_Task requirements_
Locate the line that contains "K KACAKACA Kids" in the data that follows. Copy it and every subsequent line to the end, exactly, excluding pictures.
┌──
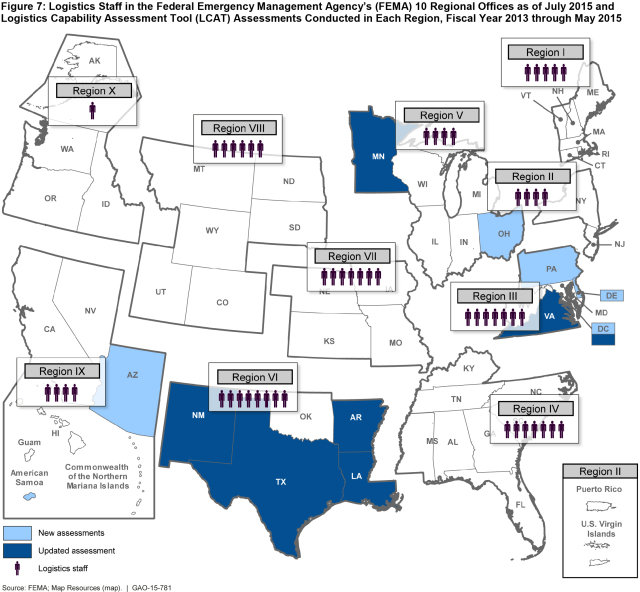 Logistics Staff in the Federal Emergency Management Agency’s (FEMA) 10 Regional Offices as of July 2015 and Logistics Capability Assessment Tool (LCAT) Assessments Conducted in Each Region, Fiscal Year 2013 through May 2015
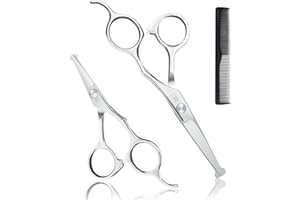 K KACAKACA Kids Hair Cutting Scissors Professional Safety Rounded Tips Haircut Scissors Kit with 6.1'' Barber Hair Cutting Shears and 5.1'' Hair Trimming Scissors for Babies, Toddlers, Children, Women and Men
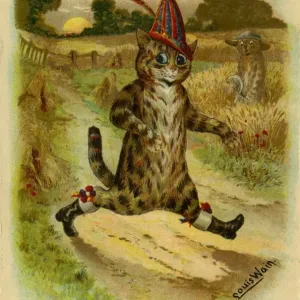 19th Century Puss in Boots Print - Country Lane Scene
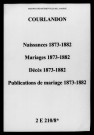 Courlandon. Naissances, mariages, décès, publications de mariage 1873-1882
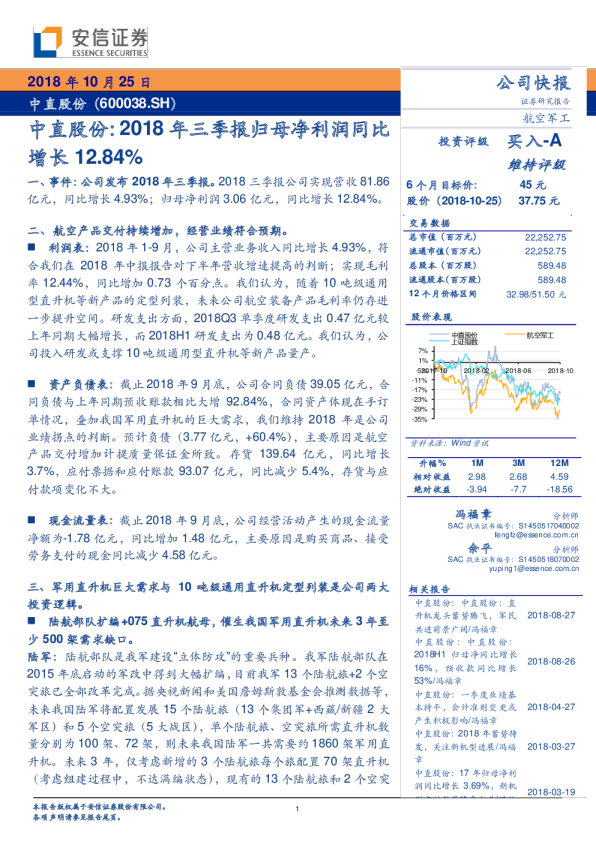 2018年三季报归母净利润同比增长12。84％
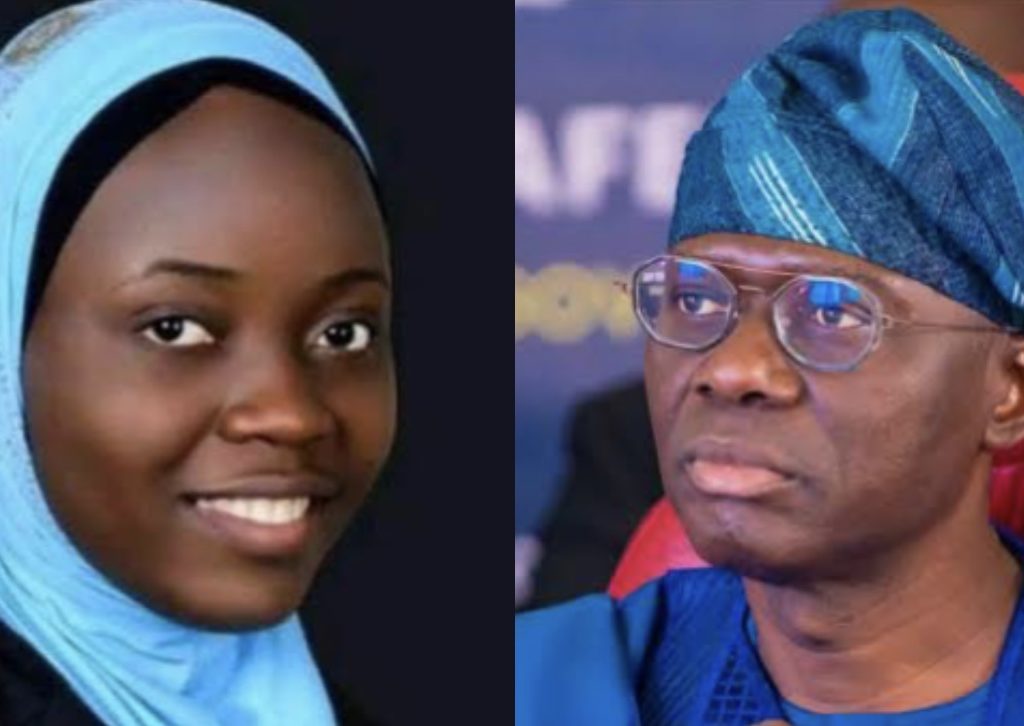 Governor Babajide Sanwo-Olu and Aminat Yusuf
└──
_Output_
 K KACAKACA Kids Hair Cutting Scissors Professional Safety Rounded Tips Haircut Scissors Kit with 6.1'' Barber Hair Cutting Shears and 5.1'' Hair Trimming Scissors for Babies, Toddlers, Children, Women and Men
 19th Century Puss in Boots Print - Country Lane Scene
 Courlandon. Naissances, mariages, décès, publications de mariage 1873-1882
 2018年三季报归母净利润同比增长12。84％
 Governor Babajide Sanwo-Olu and Aminat Yusuf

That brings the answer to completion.